About this task:
In the material below, pictures must be dropped. Repeat exactly, and only, the lines from the line with "Proiettile Hornady .22/.224" to the line with "My Space: Σύγχρονη", both ends included.

Data to examine:
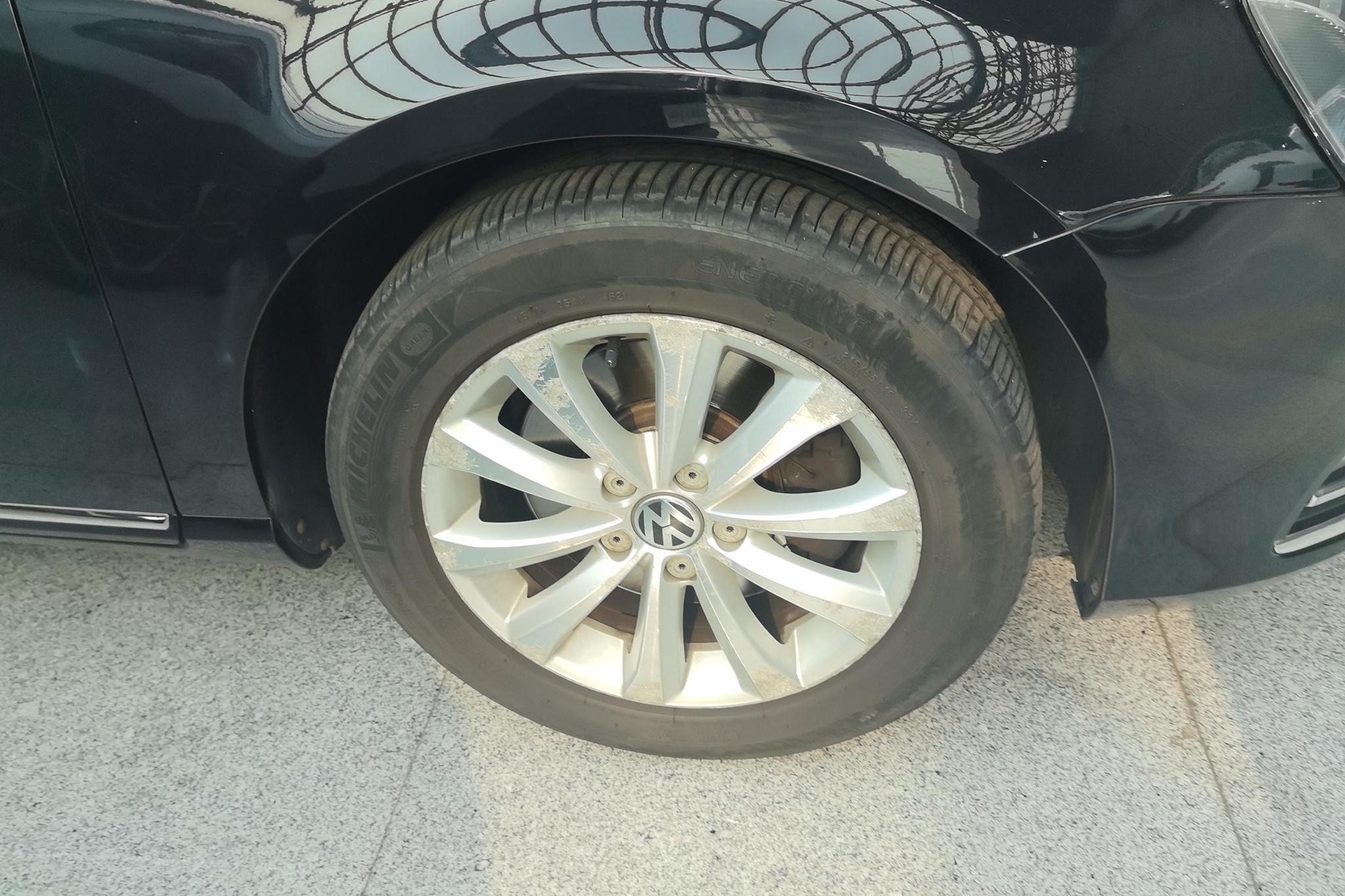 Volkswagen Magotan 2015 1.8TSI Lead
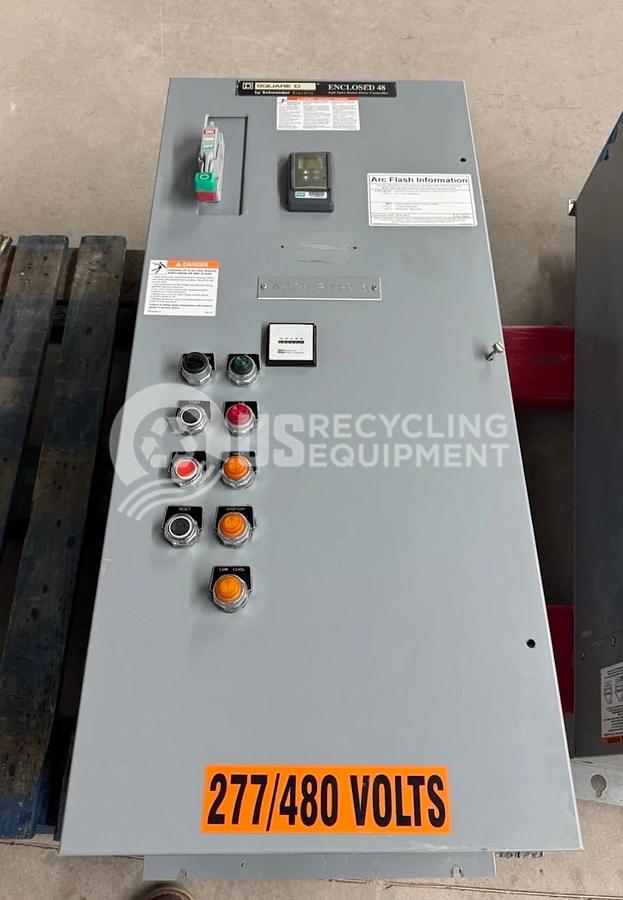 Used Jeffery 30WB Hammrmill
* * *
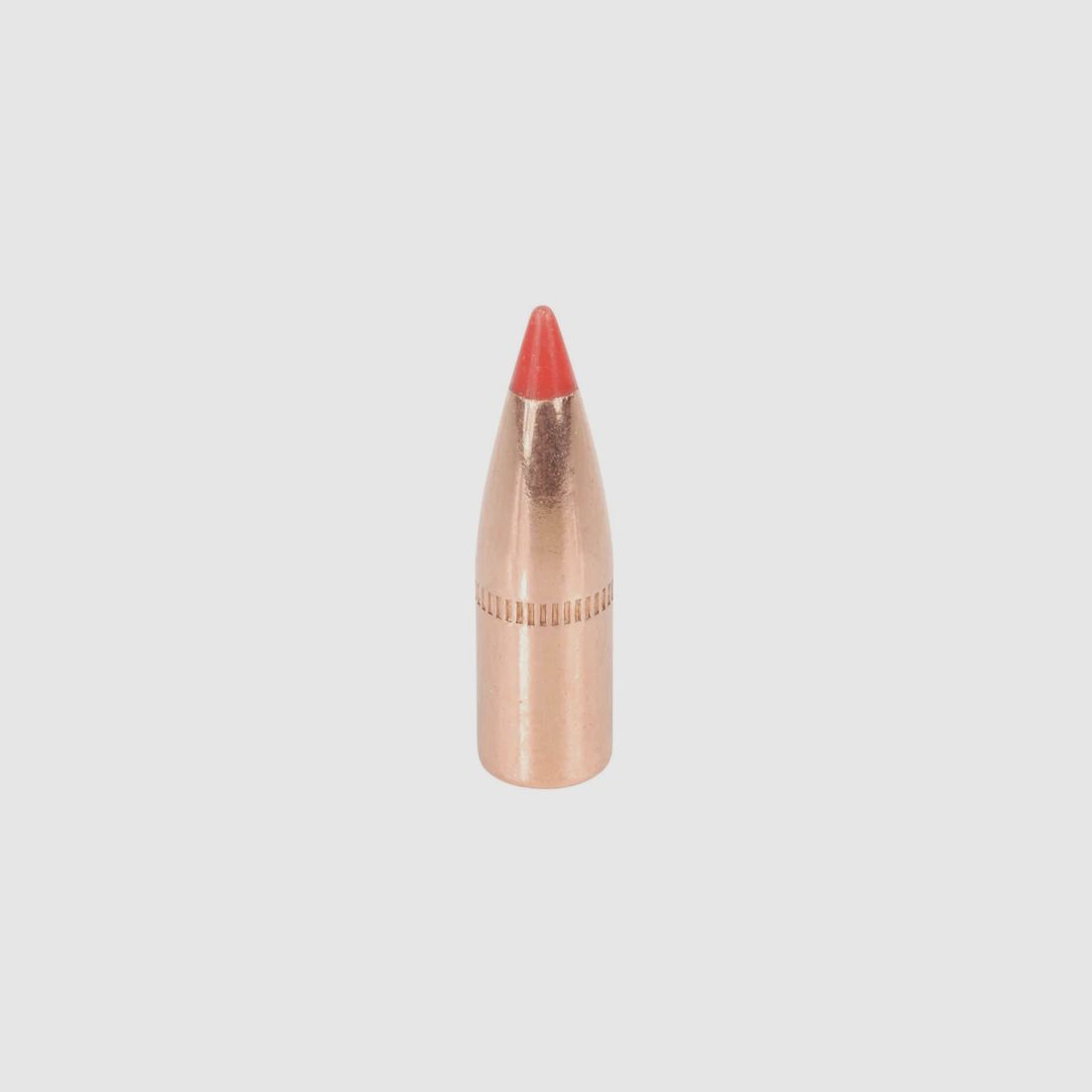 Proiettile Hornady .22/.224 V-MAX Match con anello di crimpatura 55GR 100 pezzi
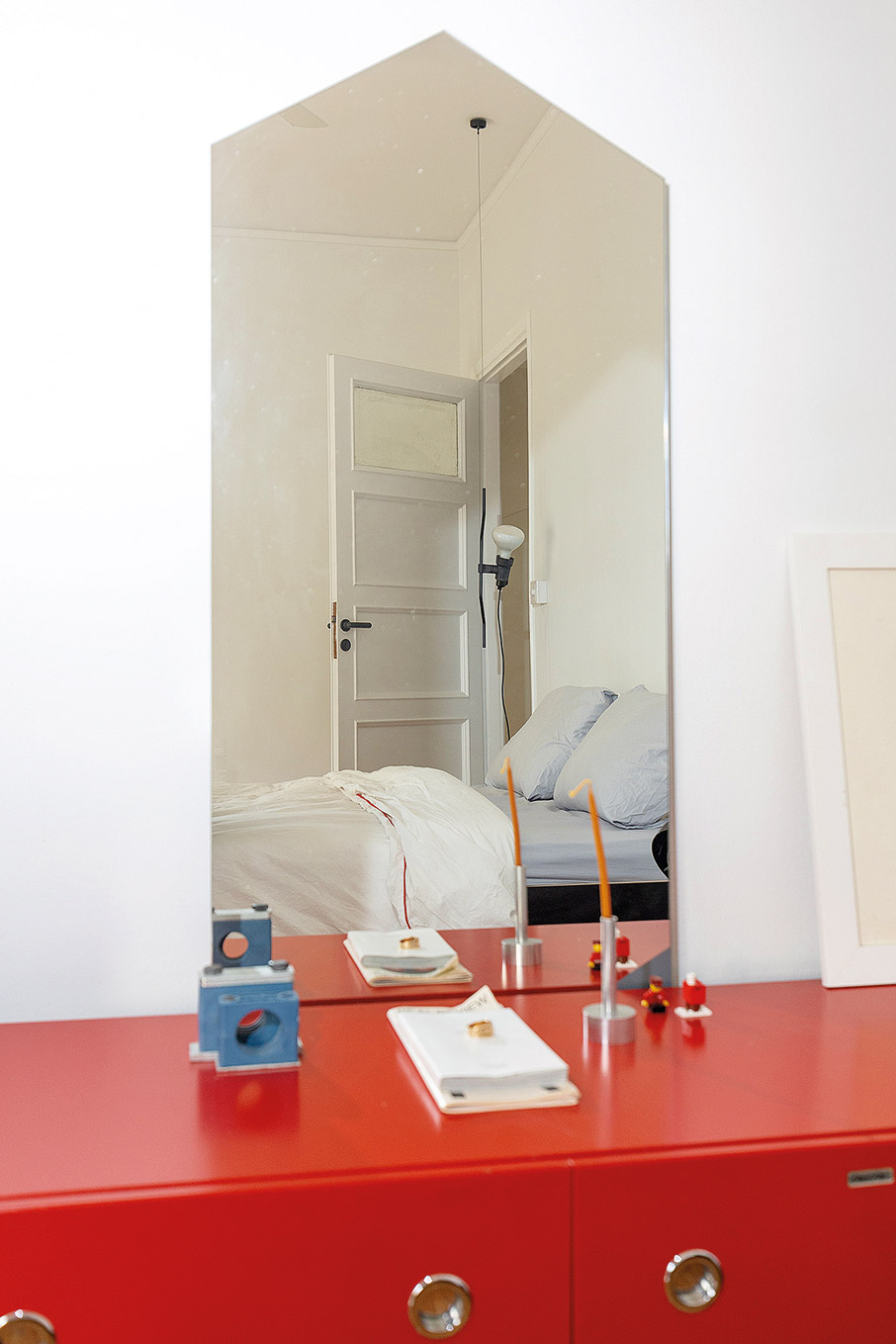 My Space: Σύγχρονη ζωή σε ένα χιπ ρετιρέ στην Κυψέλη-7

Completed task:
 Proiettile Hornady .22/.224 V-MAX Match con anello di crimpatura 55GR 100 pezzi
 My Space: Σύγχρονη ζωή σε ένα χιπ ρετιρέ στην Κυψέλη-7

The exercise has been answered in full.